■ Exercise description:
From the first line to the last, copy the material exactly and leave the pictures out.

■ Given information:
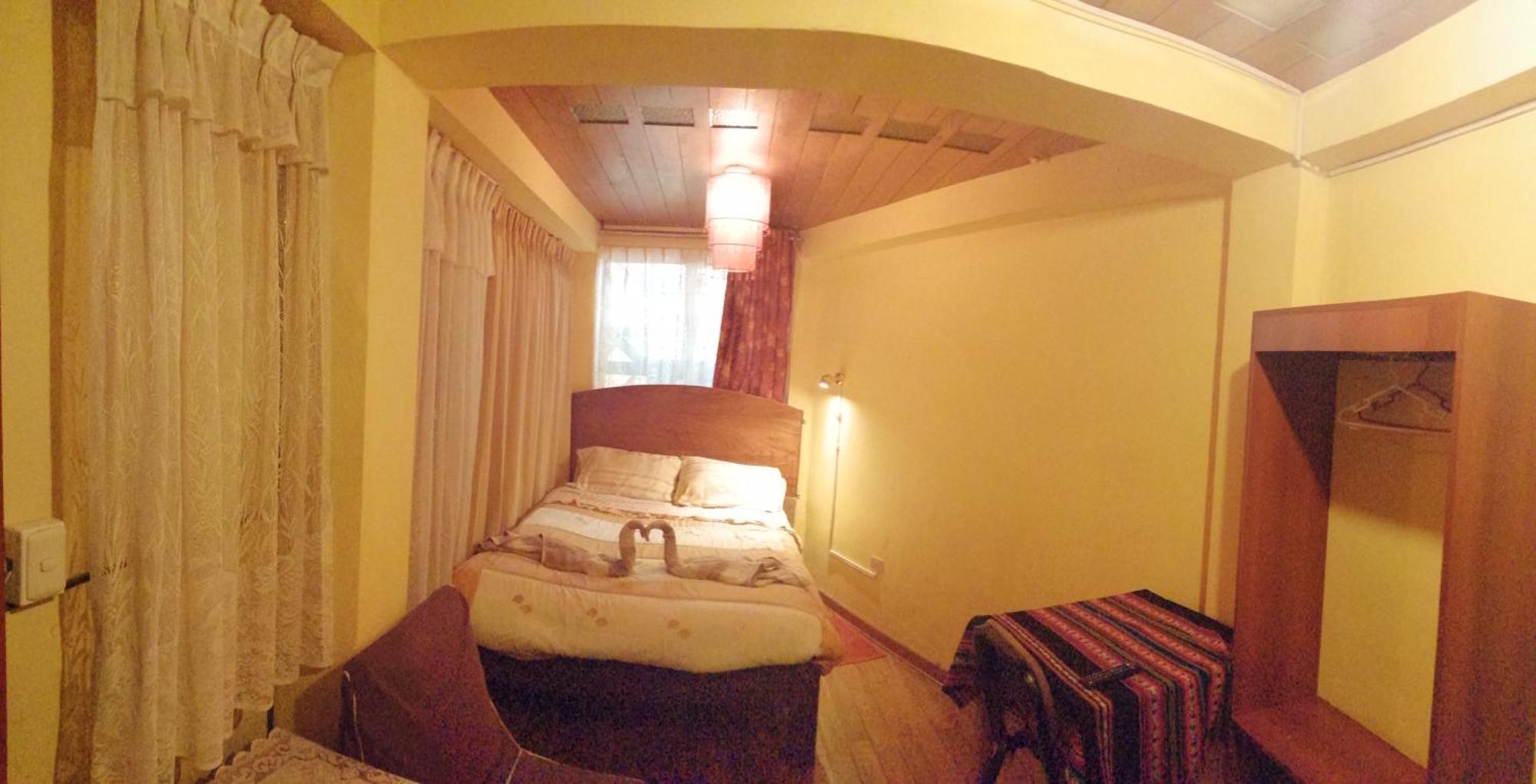 Naty'S Guest House กุสโก ภายนอก รูปภาพ
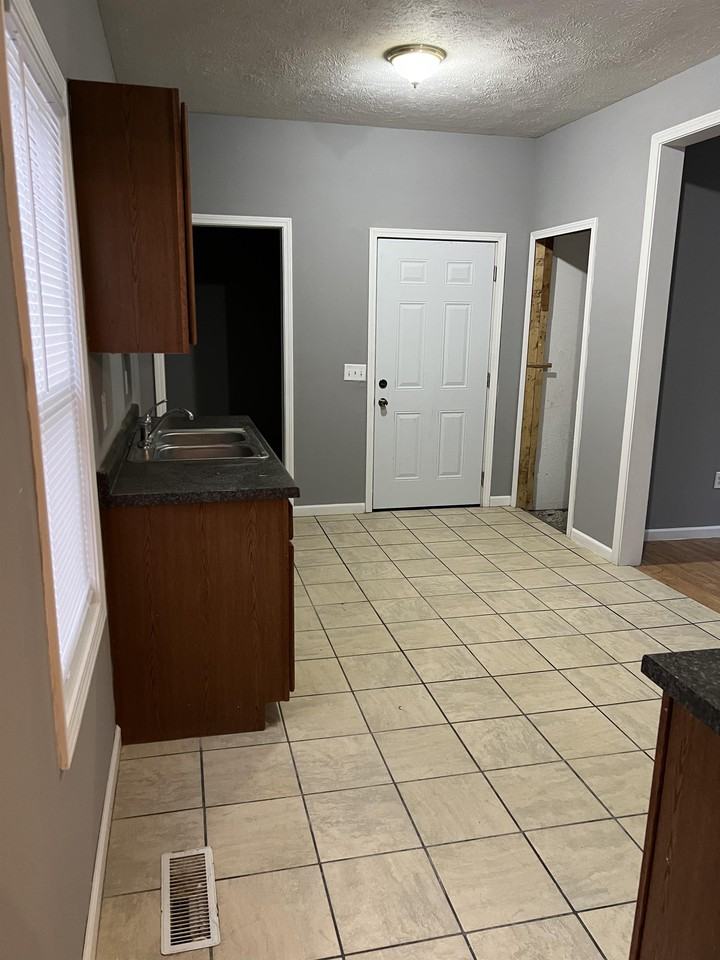 1011 S Greenlawn Ave #1 - Photo 5 of 15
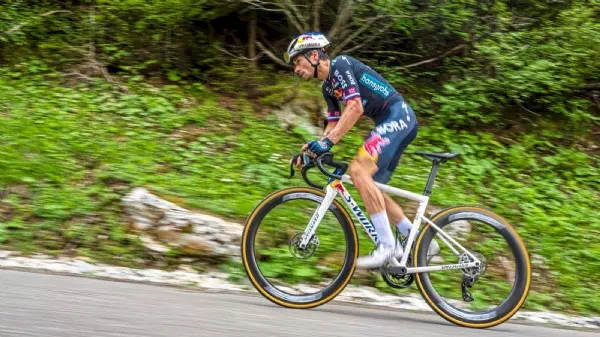 Auch Vuelta in Gefahr - Wirbelbruch! Roglic-Diagnose nach Tour-Sturz da
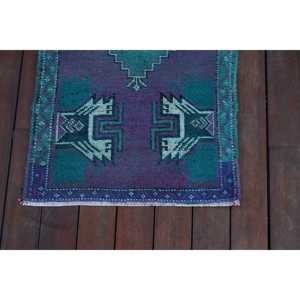 Alfombra Turca de 1.7x2.9 pies, Alfombra Vintage, Alfombra de Lana con Diseño de Cuadros Morados - Product Image 5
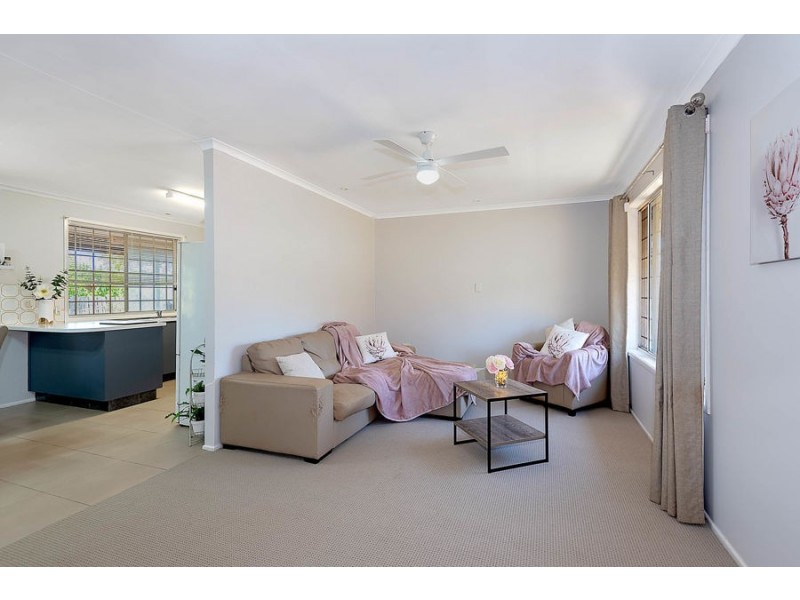 2 Chardonnay Street, Wilsonton Heights QLD 4350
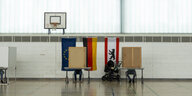 Wahlurnen stehen in einer Turnhalle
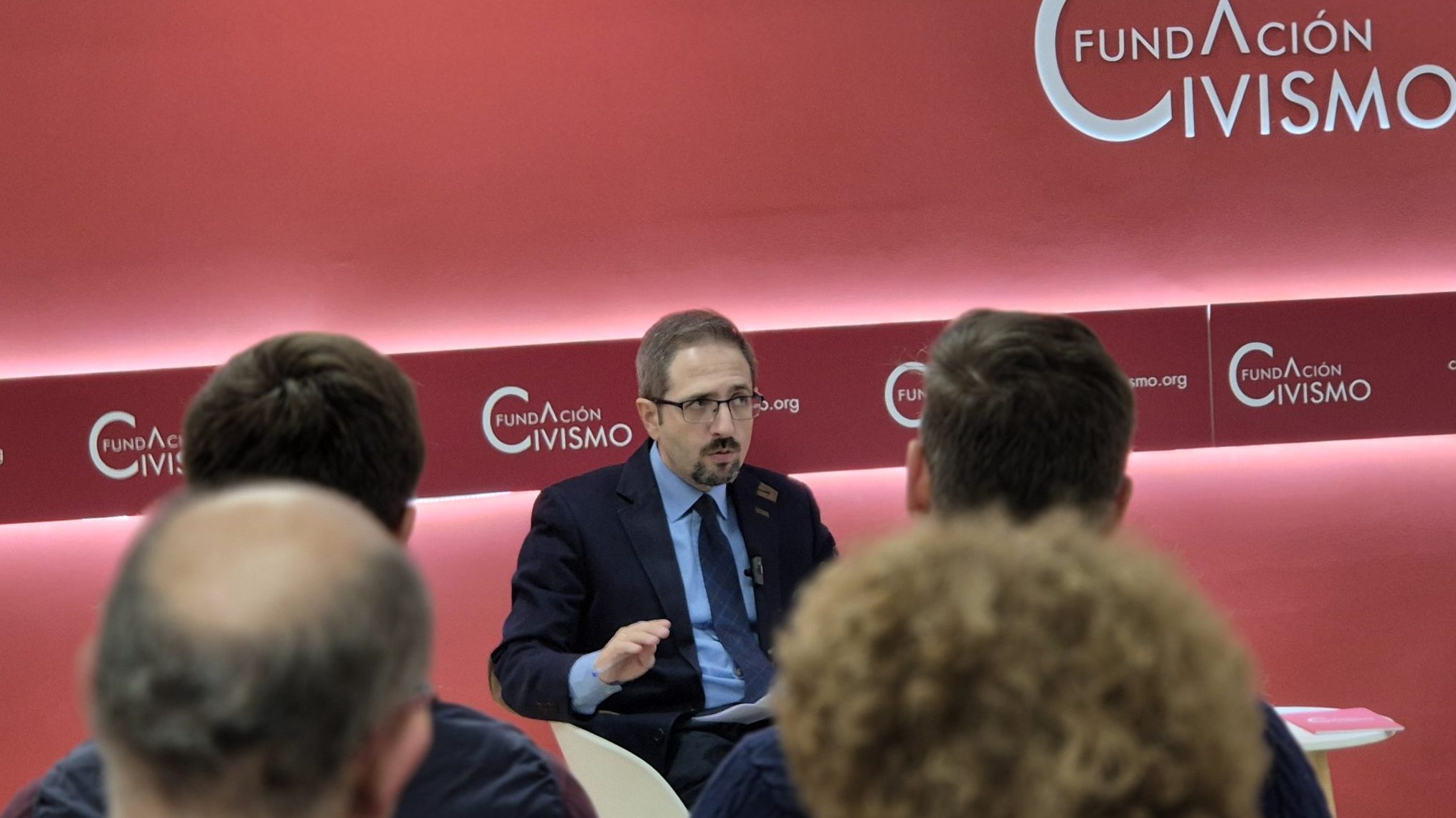 Tertulia con Manuel Llamas sobre pensiones y situación económica de España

■ Problem solution:
 Naty'S Guest House กุสโก ภายนอก รูปภาพ
 1011 S Greenlawn Ave #1 - Photo 5 of 15
 Auch Vuelta in Gefahr - Wirbelbruch! Roglic-Diagnose nach Tour-Sturz da
 Alfombra Turca de 1.7x2.9 pies, Alfombra Vintage, Alfombra de Lana con Diseño de Cuadros Morados - Product Image 5
 2 Chardonnay Street, Wilsonton Heights QLD 4350
 Wahlurnen stehen in einer Turnhalle
 Tertulia con Manuel Llamas sobre pensiones y situación económica de España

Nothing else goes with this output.